Maybe our bodies believe, just as they believe that there will be air to breath and gravity to pull us Earth-ward, that the world is urgent, and that if we aren’t having an urgent experience, we aren’t paying attention, and they are pushing us to see the urgent and important it knows must be there. And, maybe, we are not making excuses, but correctly detecting that what we are avoiding actually isn’t important?

I could probably look up some papers on this topic and see if my hypothesis has support outside my own observations and reading, but I told a friend I’d go climbing, and, you know, well, sorry, gotta go…

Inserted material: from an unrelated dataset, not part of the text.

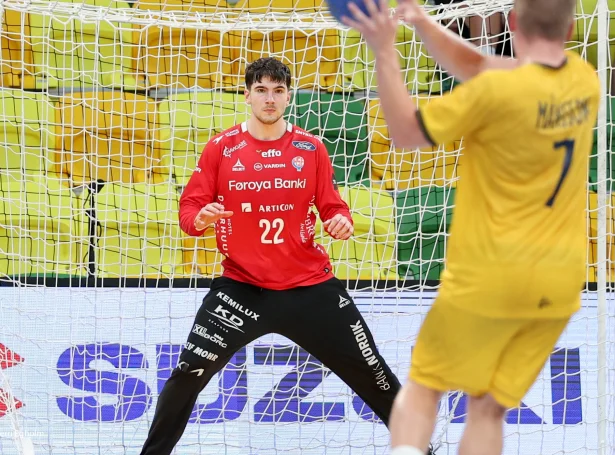 Aleksandar Lacok (Mynd: Sverri Egholm)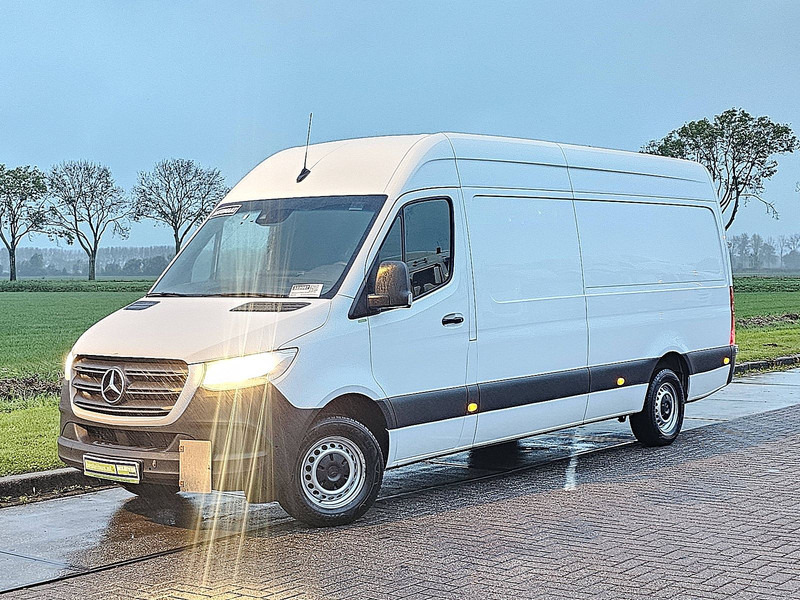 Mercedes-Benz Sprinter 315 ac automaat EURO6 - 无侧窗厢式货车:图2 Mercedes-Benz Sprinter 315 ac automaat EURO6 - 无侧窗厢式货车:图2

UPDATE: I also remembered Nicholas Meyer’s The Seven-Per-Cent Solution in which he imagines Sherlock Holmes as a cocaine addict. Holmes is only stable when he has a mystery to solve: in the absence of a crime’s clarity, he fell to cocaine. Likewise, Steve House describes his sense of emptiness after climbing the Rupal Face.

  1. While the origin of our interest in these pursuits may stem from a quest for meaning, I do not think they are all justified by it: the consequences of our chosen pursuits differ and matter.
  2. I don’t think Civilization has eliminated meaning, only that it has radically shifted where we find it. There is, I argue, meaning in the choices we make because the impact of our decisions on those around us and the yet-unborn are greater now than they have ever been. As introduced by Reinhold Messner, and advanced by Steve House, meaning today is not found, as it was historically, in the ability to summit by any means, but in how we summit.